Called, when the environment is closed to store logs, close files etc.

reset(initial_state=None, initial_reference=None)

This function is called by the environment when reset.

Inner states of the reward function can be reset here, if necessary.

Parameters:

  • initial_state (ndarray(float)) – Initial state array of the Environment

  • initial_reference (ndarray(float)) – Initial reference array of the environment.

reward(state, reference, k=None, action=None, violation_degree=0.0)[source]

Reward calculation. If limits have been violated the reward is calculated with a separate function.

Parameters:

  • state (ndarray(float)) – Environments state array.

  • reference (ndarray(float)) – Environments reference array.

  • k (int) – Systems momentary time-step

  • action (element of action space) – The previously taken action.

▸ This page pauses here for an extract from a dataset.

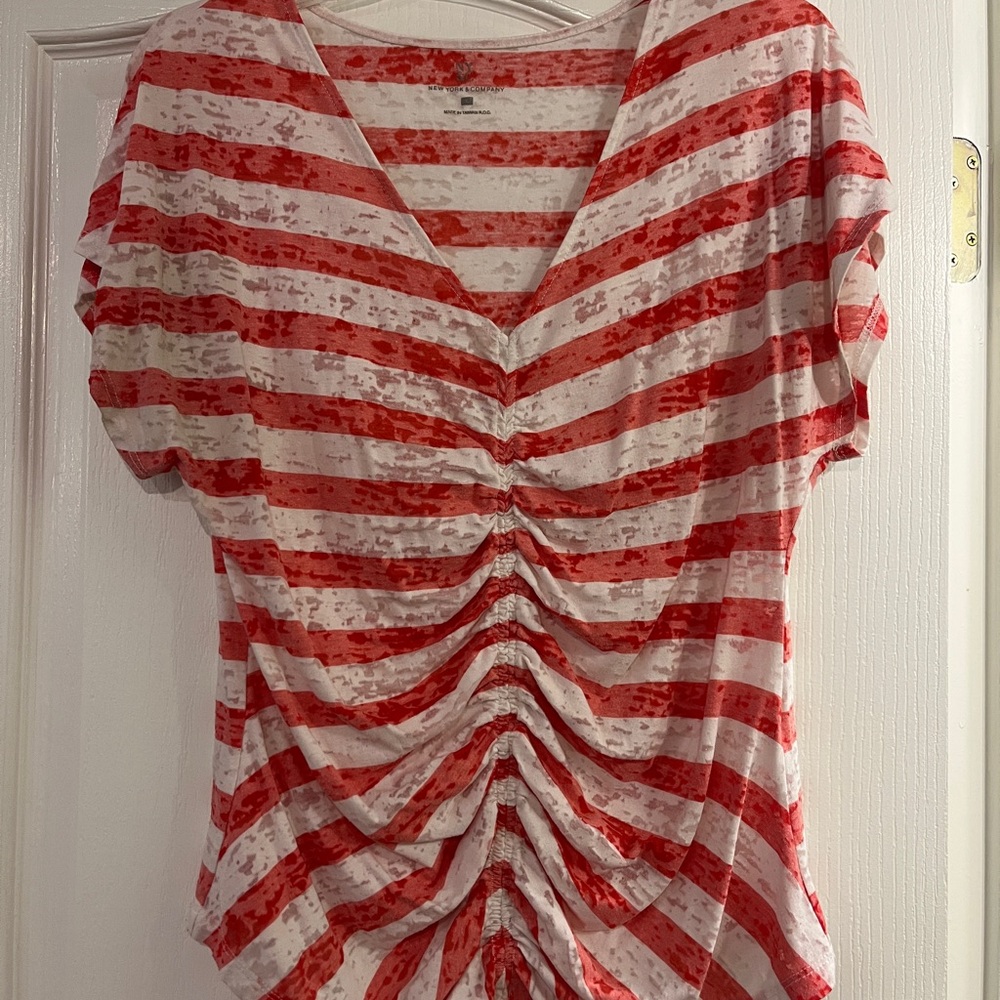 New York & Company Red/Coral and White Ruched Shirt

  • violation_degree (float in [0.0, 1.0]) – Degree of violation of the constraints. 0.0 indicates that all constraints are complied. 1.0 indicates that the constraints have been so much violated, that a reset is necessary.

Returns:

Reward for this state, reference, action tuple.

Return type:

float

reward_range = (-inf, inf)

Lower and upper possible reward

Type:

Tuple(int,int)

set_modules(physical_system, reference_generator, constraint_monitor)[source]

Setting of the physical system, to set state arrays fitting to the environments states

Parameters:

  • physical_system (PhysicalSystem) – The physical system of the environment

  • reference_generator (ReferenceGenerator) – The reference generator of the environment.

  • constraint_monitor (ConstraintMonitor) – The constraint monitor of the environment.